#### [Your assignment]
Below are entries. Give back exactly the lines from the one containing "Image of Fillister-head" through the one containing "White 2020 Buick", inclusive, without the pictures.

#### [Data to use]
◆ ◆ ◆ ◆ ◆

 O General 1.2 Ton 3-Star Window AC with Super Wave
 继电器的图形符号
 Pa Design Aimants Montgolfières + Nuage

◆ ◆ ◆ ◆ ◆

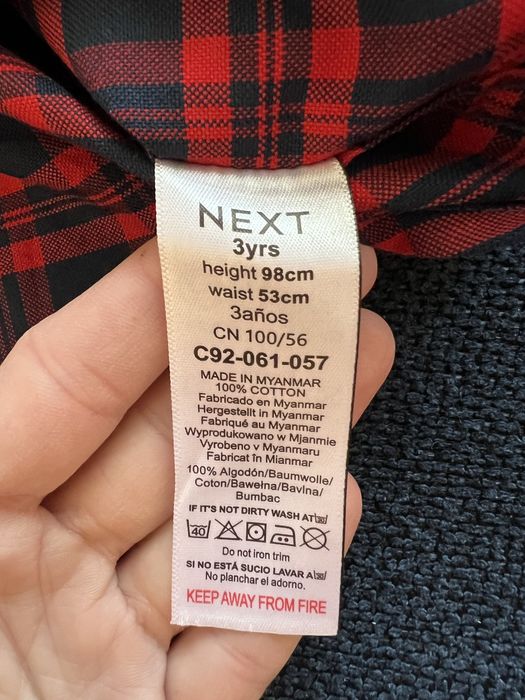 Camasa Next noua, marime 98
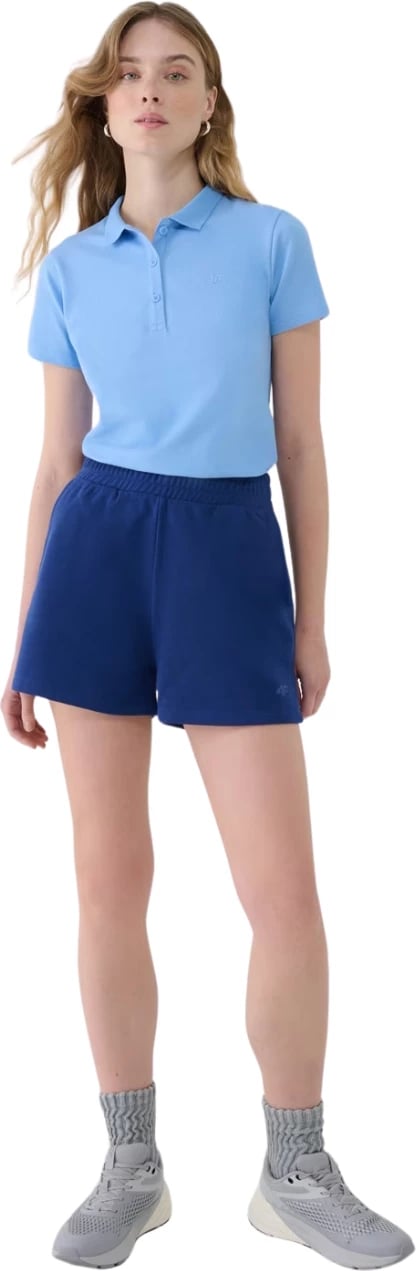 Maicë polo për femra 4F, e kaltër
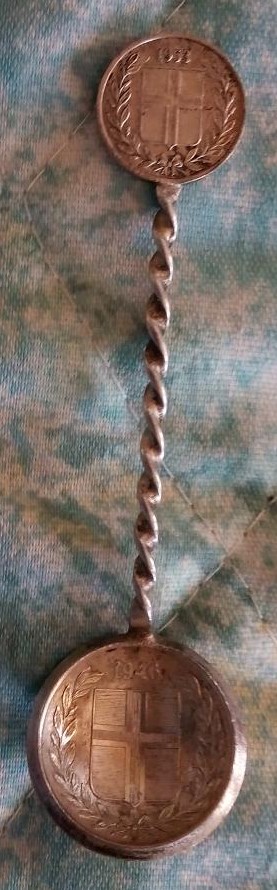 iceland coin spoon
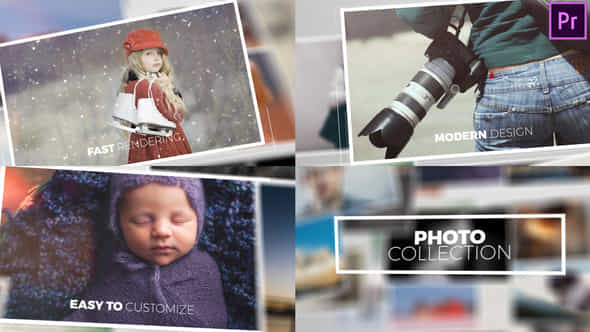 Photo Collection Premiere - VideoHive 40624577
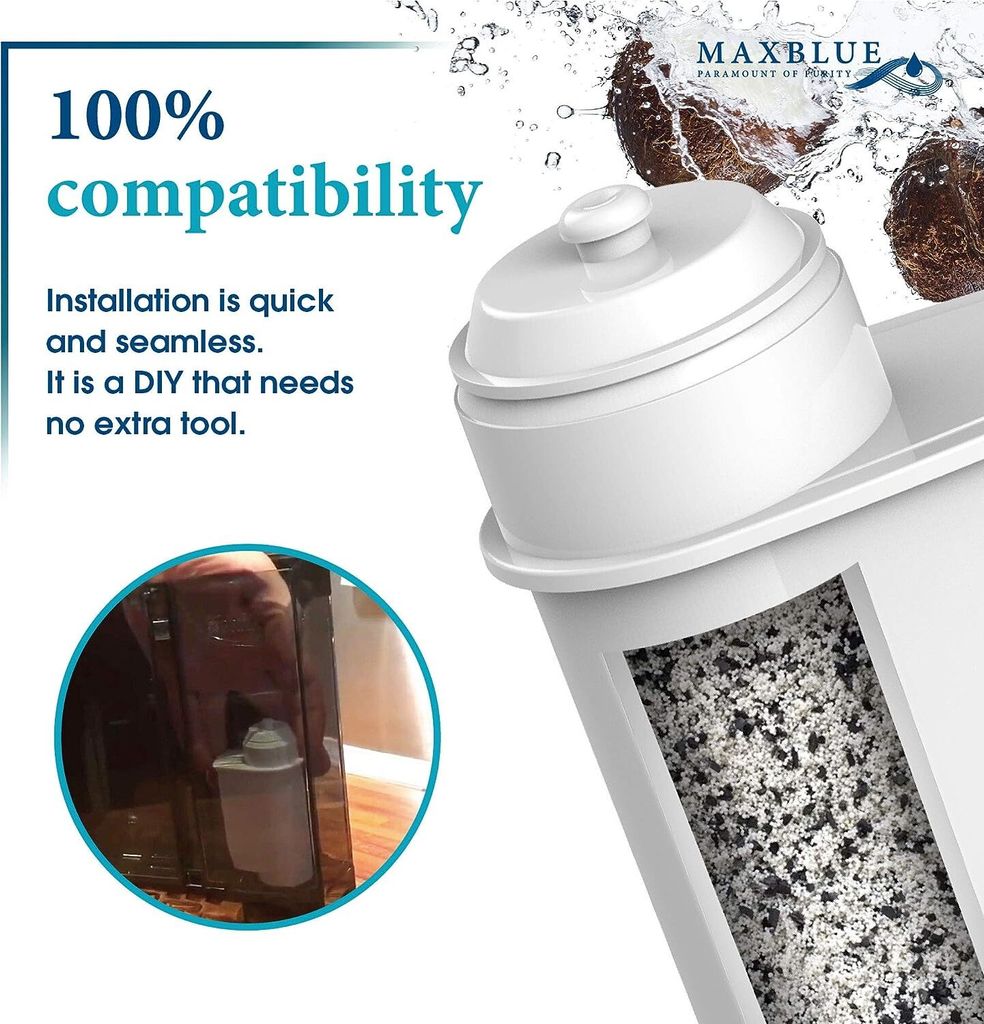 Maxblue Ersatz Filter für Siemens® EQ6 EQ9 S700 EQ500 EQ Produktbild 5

◆ ◆ ◆ ◆ ◆

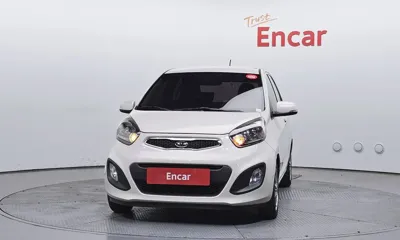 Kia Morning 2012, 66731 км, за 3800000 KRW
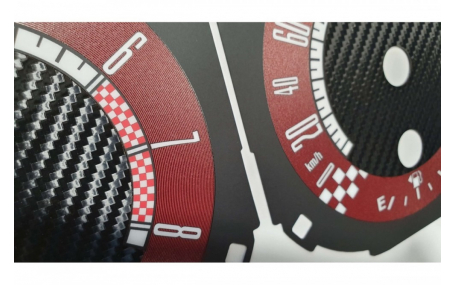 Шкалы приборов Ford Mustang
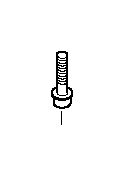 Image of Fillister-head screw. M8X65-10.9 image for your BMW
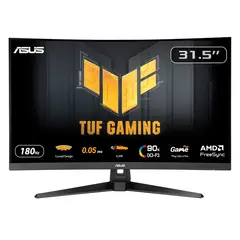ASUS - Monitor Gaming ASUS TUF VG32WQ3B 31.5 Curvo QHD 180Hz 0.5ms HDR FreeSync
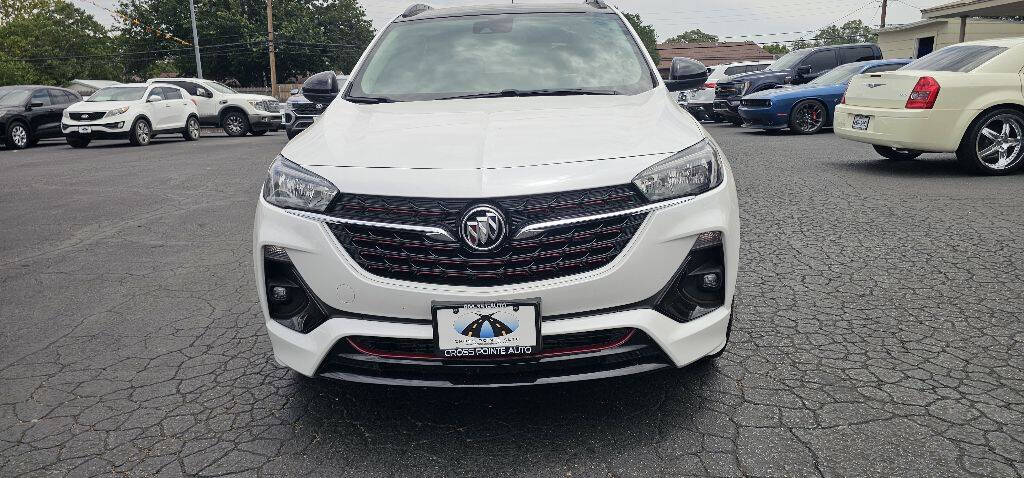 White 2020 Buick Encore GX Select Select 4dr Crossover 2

◆ ◆ ◆ ◆ ◆

#### [Task solution]
 Image of Fillister-head screw. M8X65-10.9 image for your BMW
ASUS - Monitor Gaming ASUS TUF VG32WQ3B 31.5 Curvo QHD 180Hz 0.5ms HDR FreeSync
 White 2020 Buick Encore GX Select Select 4dr Crossover 2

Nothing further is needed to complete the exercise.